> [WHAT IS EXPECTED] Below is a listing; retype exactly the lines between the one containing "Squatters take over" and the one containing "Woelfe Wolves Broschuerenkalender", inclusive, minus the pictures.
═════ DATA PROVIDED
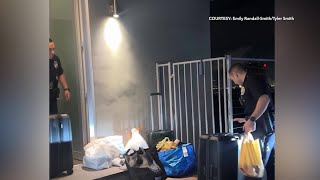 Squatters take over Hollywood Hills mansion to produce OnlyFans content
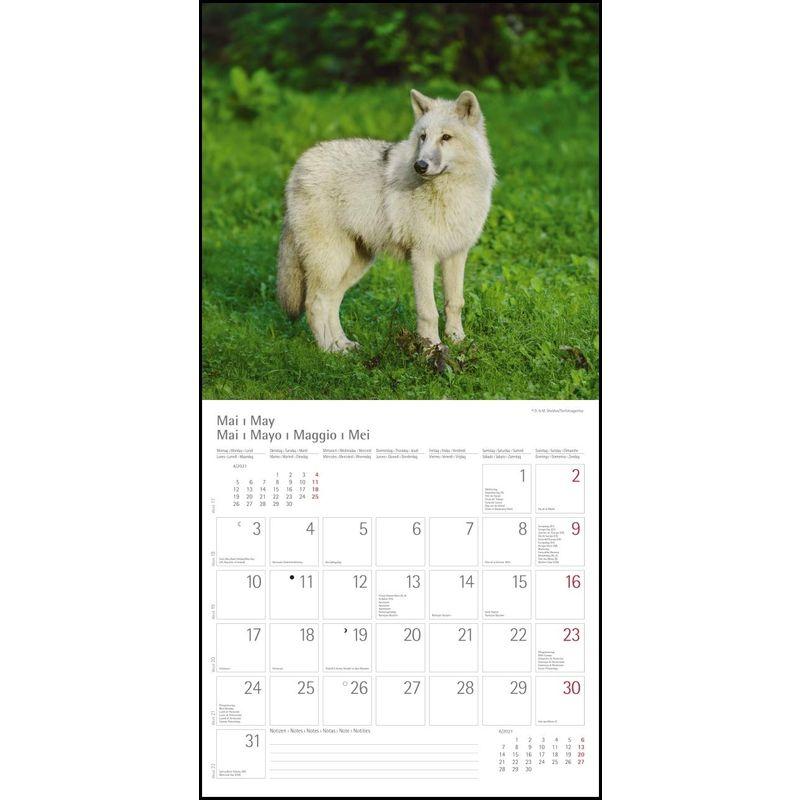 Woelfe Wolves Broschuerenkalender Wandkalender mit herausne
══════════
═════ DATA PROVIDED
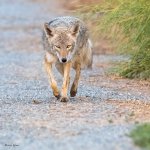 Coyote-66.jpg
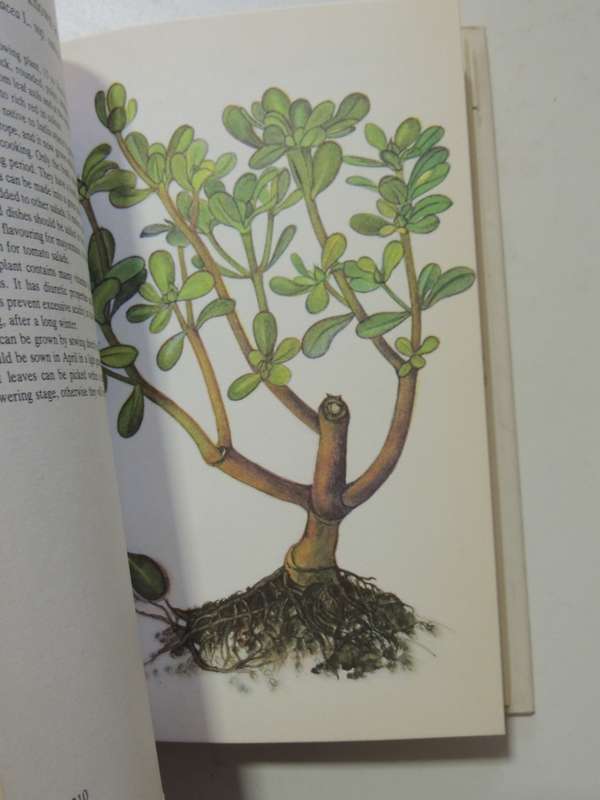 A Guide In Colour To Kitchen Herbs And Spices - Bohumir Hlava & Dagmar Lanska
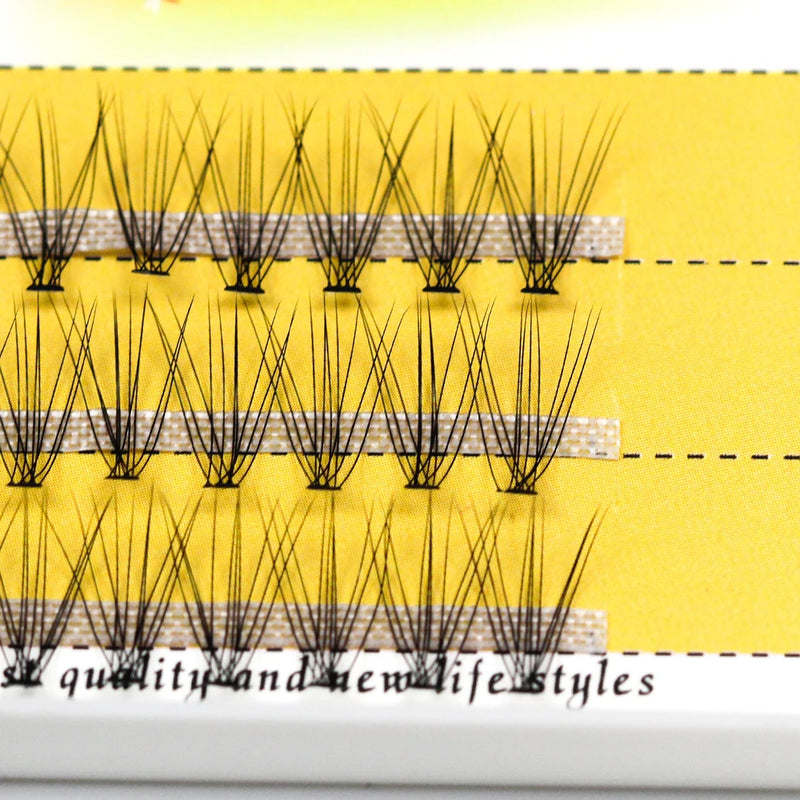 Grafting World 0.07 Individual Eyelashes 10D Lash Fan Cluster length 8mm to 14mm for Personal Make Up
══════════
═════ DATA PROVIDED
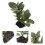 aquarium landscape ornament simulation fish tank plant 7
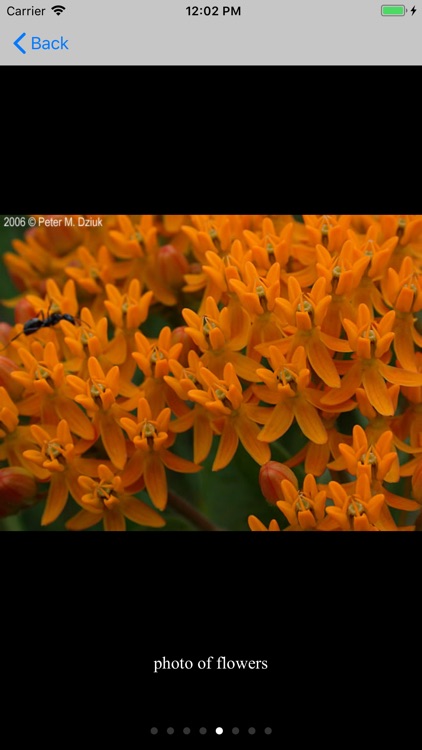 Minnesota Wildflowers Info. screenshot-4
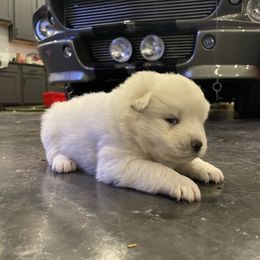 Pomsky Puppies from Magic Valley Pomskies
══════════
> [OUTPUT OF THE TASK]
 Squatters take over Hollywood Hills mansion to produce OnlyFans content
 Woelfe Wolves Broschuerenkalender Wandkalender mit herausne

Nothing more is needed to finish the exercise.